In stretto dialogo con le sale della dimora storica che Giovan Battista Pellanda fece costruire nella seconda metà del Cinquecento, le opere di Paolucci acquistano una valenza ancor più pregnante, diventando preziose depositarie di quelle memorie di cultura e natura che hanno sempre connesso l’artista al territorio. E lo fanno senza adagiarsi su facili sentimentalismi o su rimpianti nostalgici, ma con un’energia e un lirismo capaci di creare inedite metafore del mondo.

Partendo dal presupposto assodato che Paolucci, proprio per il caparbio attaccamento alla sua terra, sia una figura atipica e appartata che sfugge a nette classificazioni, il suo percorso artistico è stato caratterizzato dall’esigenza di sperimentare linguaggi sempre diversi per poi riuscire ad approdare a un vocabolario personale. Dopo un esordio all’insegna dell’Espressionismo prima e dell’Informale poi, negli anni Sessanta l’artista assimila le soluzioni proposte dalle neoavanguardie, accostandosi soprattutto alle indagini della Pop Art, del Nouveau Réalisme, della Minimal Art e dell’Arte Povera e arrivando così ad accantonare la bidimensionalità della pittura a favore di una pratica oggettuale.

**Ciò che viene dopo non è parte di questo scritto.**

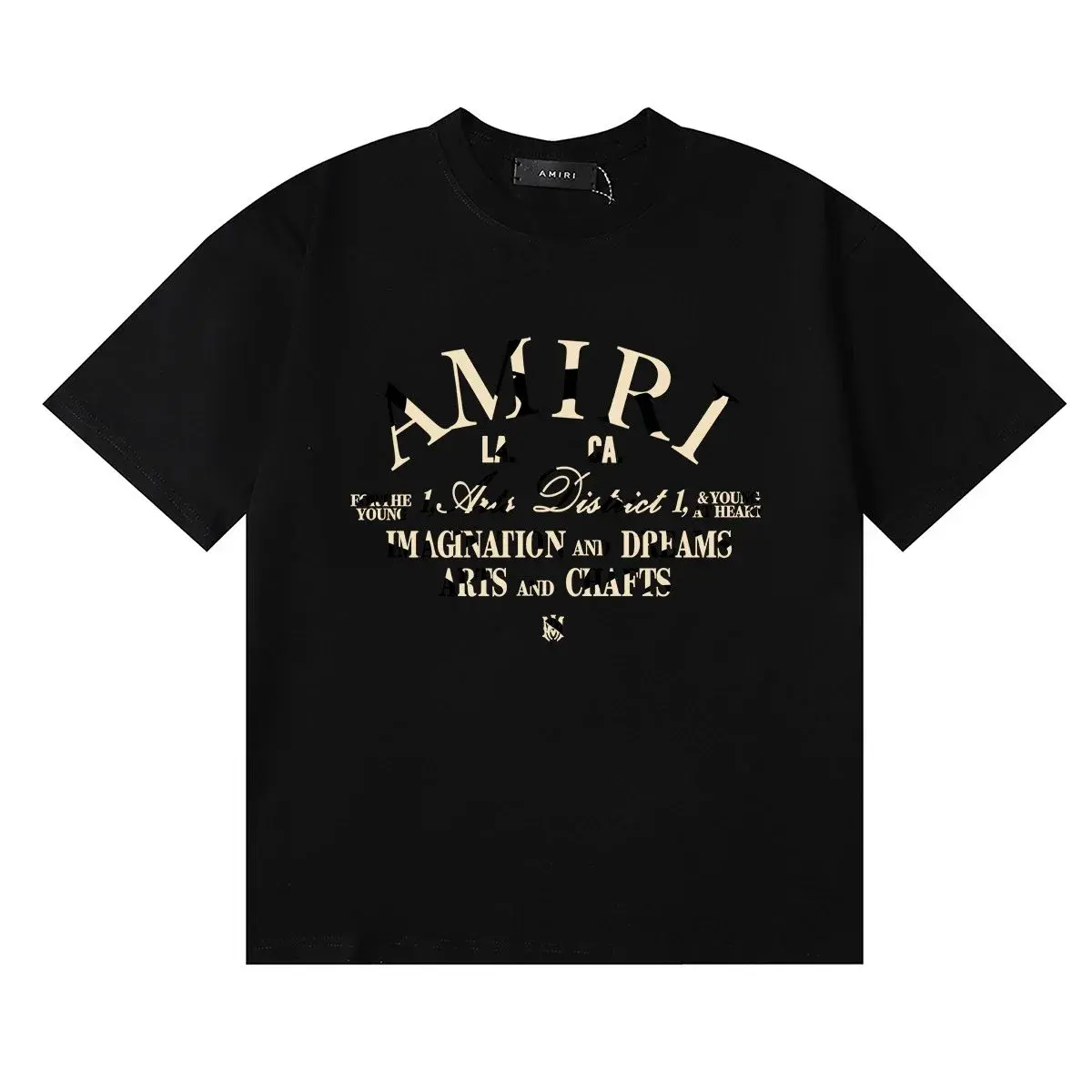 Amiri Arts District Black T-Shirt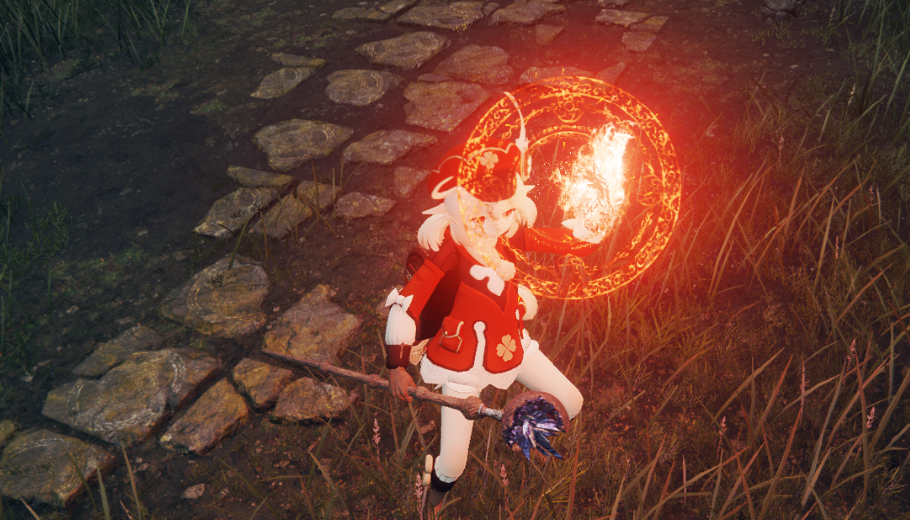 《艾爾登法環》可莉替換流浪騎士套MOD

Con gli anni Settanta si fa sempre più pressante per Paolucci l’esigenza di radicare la sua arte nei confini della propria esperienza di mondo. Non si tratta certo di un ripiego sul locale bensì di una condizione necessaria per dare nuova vita alla sua ricerca. I temi si fanno più esistenziali e l’avvicinamento alla natura ancora più intenso. A questo periodo risalgono i primi Innesti dell’artista, lavori che non solo risultano in sintonia con alcuni degli esiti più rilevanti nell’ambito dell’Arte Povera italiana, ma che segnano anche il raggiungimento di quel lessico peculiare che determinerà da lì in poi la produzione di Paolucci.

L’artista ticinese ha sperimentato linguaggi sempre diversi per poi riuscire ad approdare a un vocabolario personale

Le opere esposte a Biasca raccontano storie di uomini e di natura attraverso i materiali prediletti dell’artista, quali il legno, la corda, la carta e il colore, ma anche la fuliggine raccolta nei camini di case abbandonate, a cui nel corso degli anni se ne sono aggiunti altri ascrivibili a una tradizione più alta, quali il bronzo, rifinito con diverse patine, il vetro e il marmo. Elementi lavorati con cura e abilità al fine di riproporre quell’equivocità tra verità e artificio, tra effimero e perenne che è il marchio di fabbrica dell’artista.

Anche i simboli e i segni che fanno parte del registro di Paolucci sono i medesimi da decenni: un repertorio esiguo ma iconico di forme della natura, come l’albero, la foglia o l’uovo, di forme astratto-geometriche, come il cerchio, il quadrato o la croce, e di forme antropiche, come la barca o la casa. Quest’ultima, in particolare, rappresentata sempre con la tipica sagoma delle tradizionali abitazioni in pietra della valle, ritorna costantemente nei lavori dell’artista con la precisa missione di evocare l’uomo. Un uomo di cui Paolucci narra con delicatezza e poesia le asperità della vita e il fragile rapporto con la natura. Un uomo che trascende le terre ticinesi per assurgere a emblema ancestrale dell’intera umanità.